▸ DATASET SECTION:
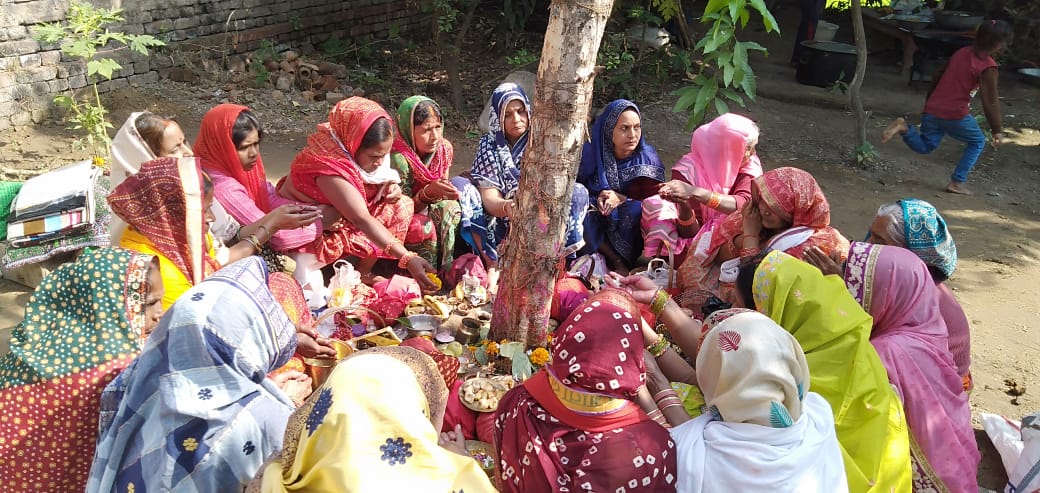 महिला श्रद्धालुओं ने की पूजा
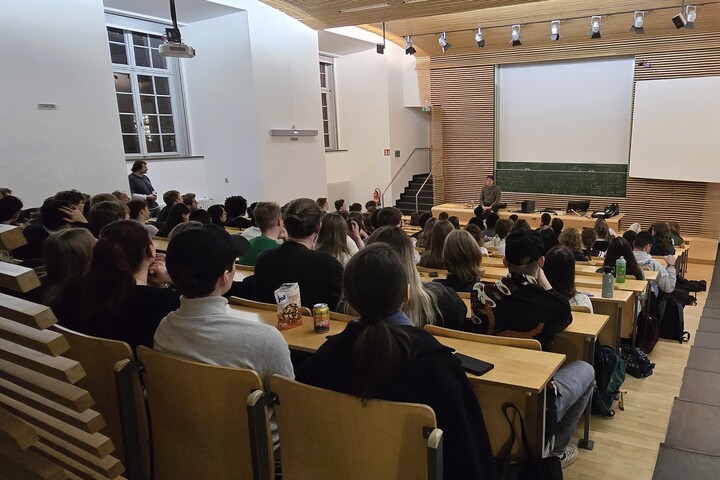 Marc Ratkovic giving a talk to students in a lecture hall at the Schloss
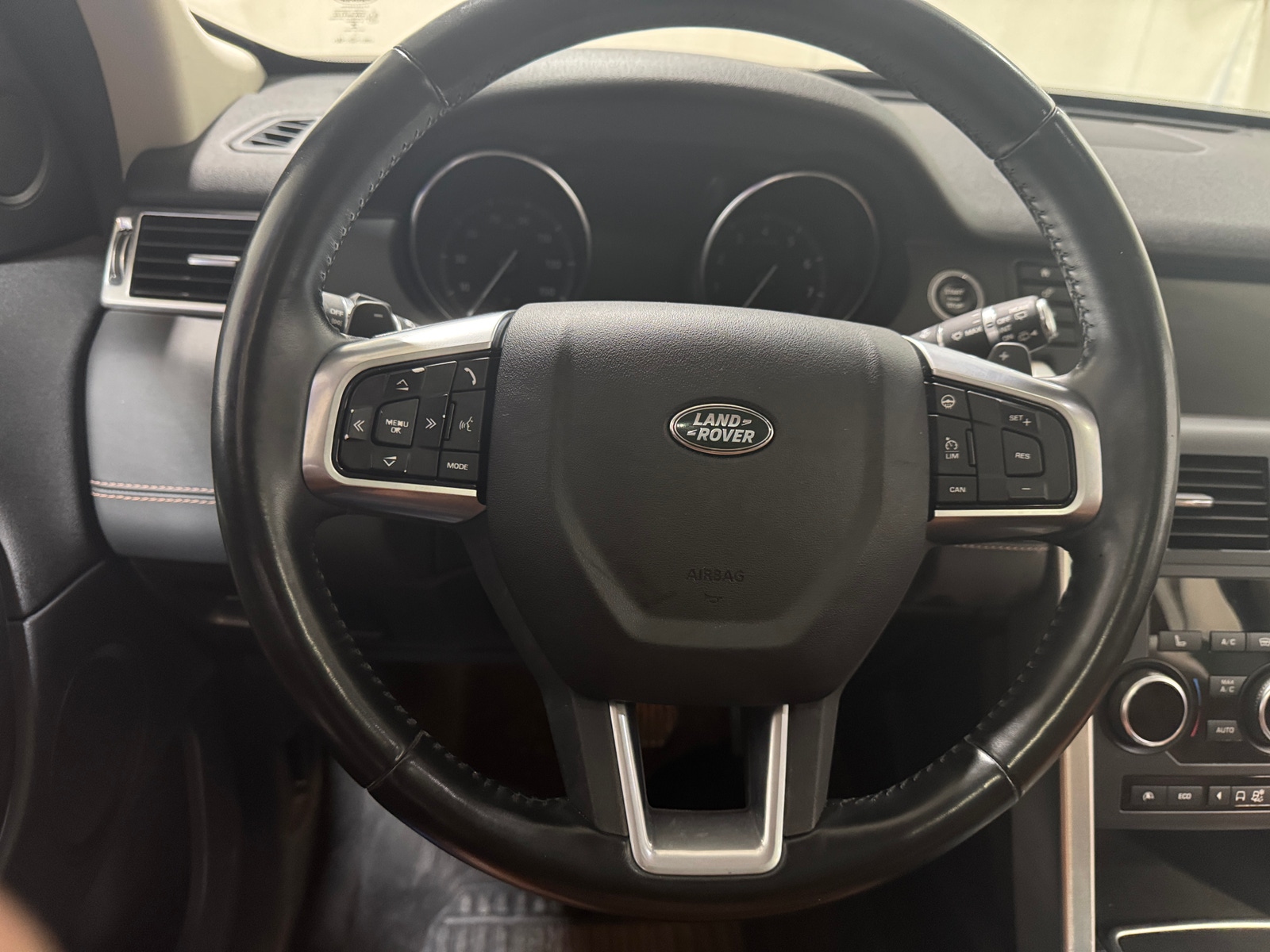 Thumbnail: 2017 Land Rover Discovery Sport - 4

▸ WORK TASK: In the material above, retype exactly the lines that run from the one containing "Marc Ratkovic giving" through the last line, and keep out the pictures.

▸ RESULT:
 Marc Ratkovic giving a talk to students in a lecture hall at the Schloss
 Thumbnail: 2017 Land Rover Discovery Sport - 4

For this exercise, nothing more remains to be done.